Am 12. Januar verkündete der stellvertretende Ministerpräsident des spanischen Landes („Comunidad Autónoma“) Kastilien und León (CyL) Juan García-Gallardo die Einführung neuer Maßnahmen, um das Leben Ungeborener besser zu schützen. Der Politiker der rechten Partei „Vox“ teilte in einem auf Twitter verbreiteten Video mit, dass die vorgesehenen Maßnahmen „psychologische Betreuung für schwangere Frauen, Überwachung der Herztöne des Fötus und 4D-Ultraschalluntersuchungen sowie Schutz der Verweigerung aus Gewissensgründen für Angehörige der Gesundheitsberufe“ beinhalten sollten.
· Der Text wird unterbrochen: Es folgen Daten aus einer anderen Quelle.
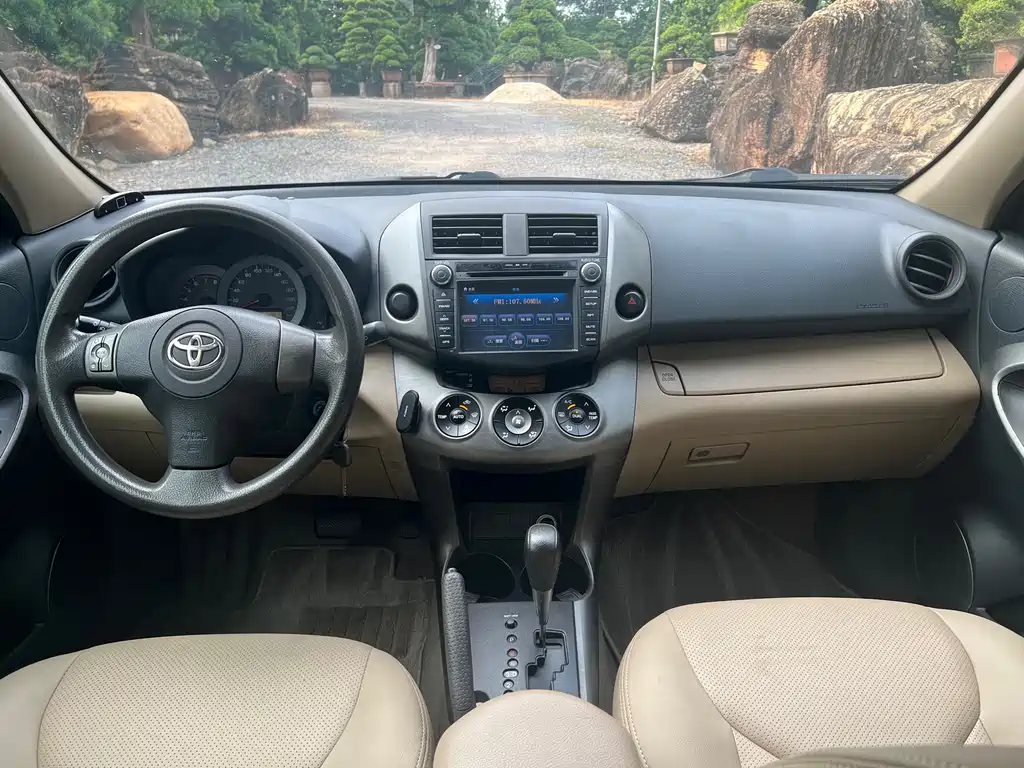 Toyota RAV4 — миниатюра 14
Er wünsche sich, dass sich die Frauen „bewusster“ würden, bevor sie „eine Entscheidung“ über eine Schwangerschaft treffen würden.
Schlagabtausch zwischen den beiden Koalitionspartnern
Auf der offiziellen CyL-Homepage heißt es, dass diese Maßnahmen „eine der Achsen der öffentlichen Politik in den kommenden Jahren“ im Einklang mit der Regierungsvereibarung, die der konservativ-bürgerliche Partido Popular (PP) und die rechte Partei „Vox“ in der Region eingegangen sind. García-Gallardos Vorstoß führte aber trotzdem zu einem Schlagabtausch zwischen den beiden Koalitionspartnern. Denn García-Gallardo gehört ja Vox, also dem kleineren Regierungspartner an. Der Ministerpräsident wird hingegen mit Alfonso Fernández Mañueco von der PP gestellt.
García-Gallardo führte aus, es handele sich um „freiwillige“ Maßnahmen für die Schwangeren – Ärzte müssten jedoch diese Möglichkeit anbieten. Der Gesundheitsminister des Landes CyL, Alejandro Vázquez (PP), erklärte jedoch, eine solche Verpflichtung für die Ärzte würde nicht erteilt. Hatte García-Gallardo davon gesprochen, eine zusätzliche Untersuchung des Herzschlags anzubieten, damit die Schwangere die Möglichkeit habe, „ihr Kind anzuhören“, bevor sie „eine Entscheidung trifft“, so sagte der Gesundheitsminister, ein solche Angebot solle sich auf „spezifische Situationen“ beschränken, wenn „medizinische Kriterien“ dafür sprechen würden.
"Alle schwangeren Frauen in Spanien können ihre Schwangerschaft fortsetzen"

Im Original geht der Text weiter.